_Short descriptive text snippets:_
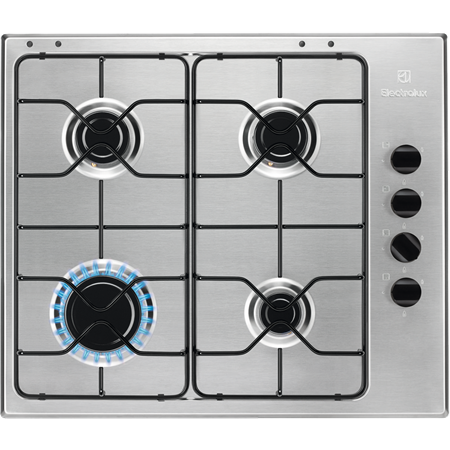 ELECTROLUX EGS64041X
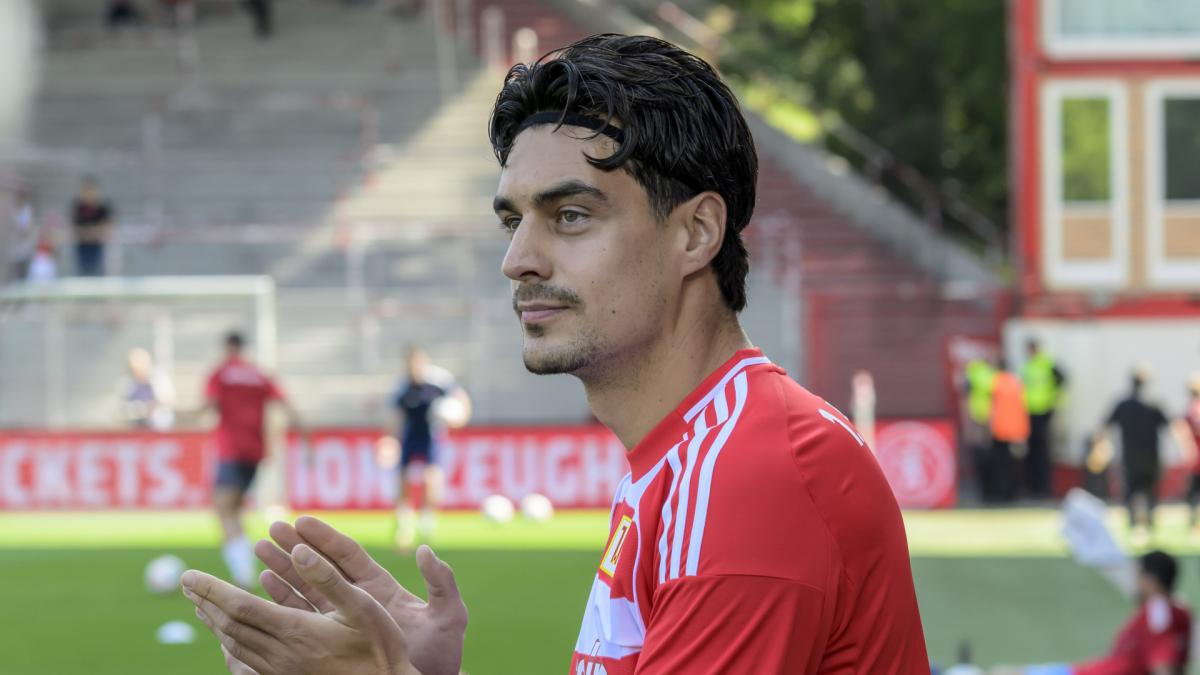 Transfer-News Union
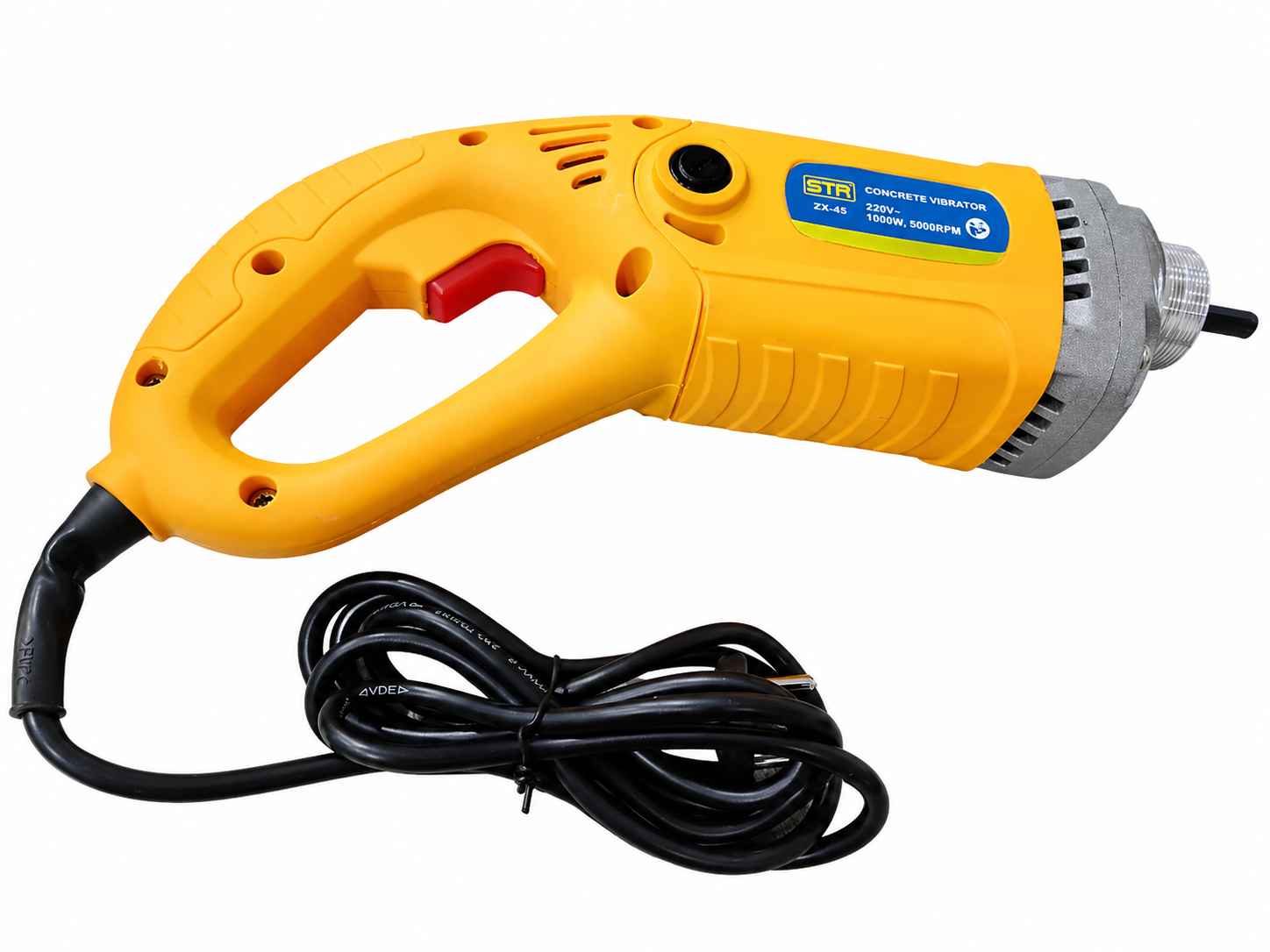 super_admin/uploads/uploads/48705750508ChatGPT Image Apr 25, 2026, 03_29_45 PM.png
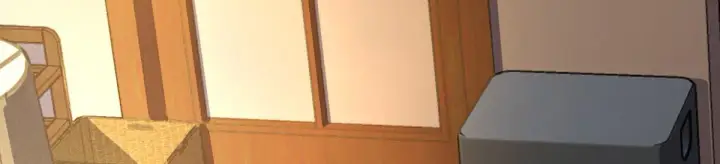 《我家老婆来自一千年前》59图23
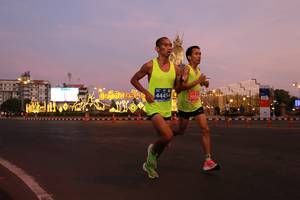 BIB: 44454, 203
                            <button type="button" onclick="openModal(11672979)" class="btn btn-primary btn-sm float-right btn-popup" data-toggle="modal" data-target=".modal-high-quality">
                        <i class="fas fa-shopping-cart"></i> Add to Cart
                    </button>
                                            <button type="button" onclick="isThisMe(11672979, true)" class="btn btn-success btn-sm float-right btn-popup btn-isme hidden" data-toggle="tooltip" data-placement="bottom" title="นี่คือรูปของคุณใช่ไหม คลิกที่นี่เพื่อเอาเข้าอัลบั้ม">
                        <i class="fas fa-plus"></i> Add to album
                    </button>
                    <button type="button" onclick="isThisMe(11672979, false)" class="btn btn-warning btn-sm float-right btn-popup btn-isnotme hidden">
                        <i class="fas fa-ban"></i> Remove from album
                    </button>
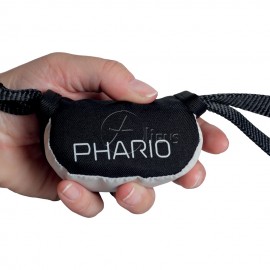 Klettersteigset PHARIO LITE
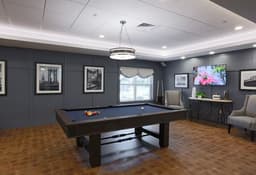 Brightview Sayville - Gallery Image 4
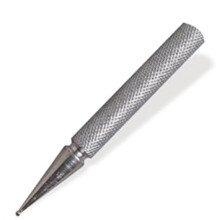 Tandy Leather Craftool? Golystu 8059-00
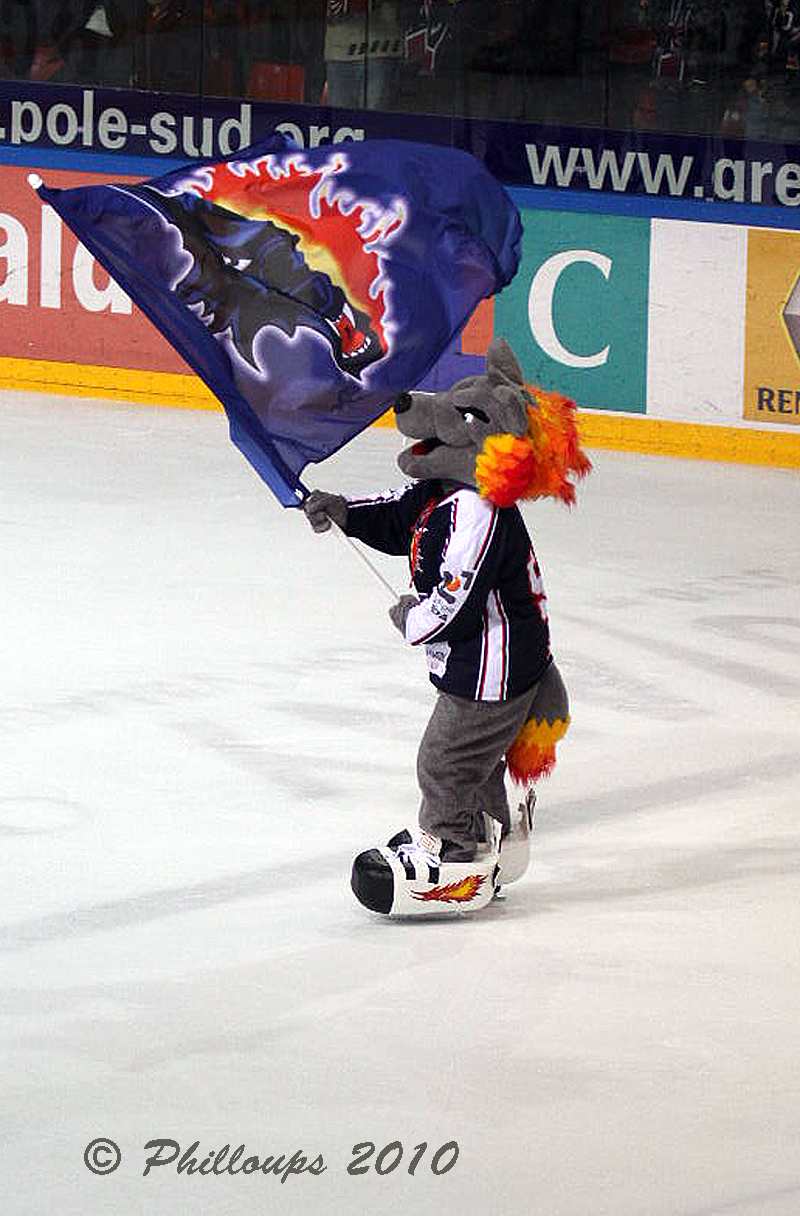 2010-03-20-grenoble-amiens1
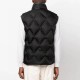 Moncler M095 Moncler M095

_PROBLEM DETAILS:_
Across the records above, in how many lines does the string "popup" appear? Reply with the figure alone.

_THE COMPLETED TASK:_
3